I think the fear was that due to potential versatility they were afraid of the Incarnate becoming too powerful, the same with the Soulborn. This is one of the areas where the designers might have botched things a bit, it's kind of where theory and practice veer in different directions. The amount of versatility was hypothetically a major power for the Incarnate, but due to elements of design much of the vaunted versatility would sit unused. The reason was simply this, with everything but the base attack bonus proclaiming that it was meant to fight in melee or at least in ranged, most points and abilities were likely to veer in that direction, the other abilities were likely to sit unused unless say the person playing the rogue couldn't make it to that session or something similar.

It's not that the versatility idea was bad, just that given the nature of the class that had it it was unlikely to really be very often used. I view it in ways similar to high level wizard or sorcerer spells that were designed to turn them into melee powerhouses. While the spells themselves may have been impressive they weren't really all that likely to be used, or if they were something had likely gone wrong somewhere or things had changed rather radically.

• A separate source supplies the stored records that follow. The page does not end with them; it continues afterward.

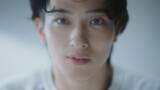 「横浜流星さんを起用した 日鉄興和不動産 新CMシリーズ第1弾「人生が動き出す」篇 8月20日（土）放映開始」の画像1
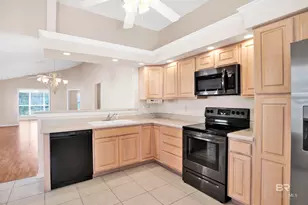 22659 Tranquil Ln, Foley, AL 36535 - Photo 15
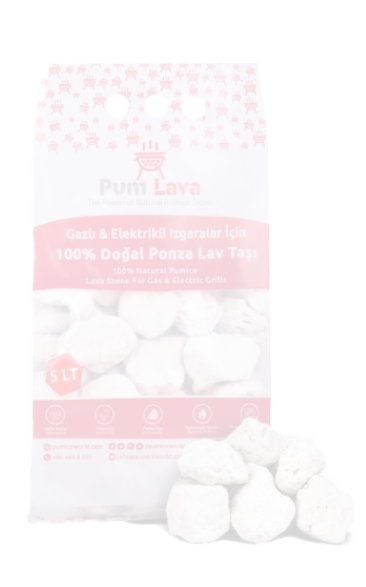 Pomza Ürün Grupları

What made Incarnum such a magnificent failure in my view is that while there were a lot of things that went wrong with Incarnum there was actually a lot of really great stuff here. The concept of essentially harnessing the raw spiritual energy of all the universes souls, shaped my archetypes of heroism or villainy, is a pretty neat idea. The sheer number of options that you could mix and match from was pretty cool too. The other thing is simply that the idea was unique, it was very different and very dynamic, I applaud innovation in game design and while this experiment might have been problematic it was still quite an interesting one.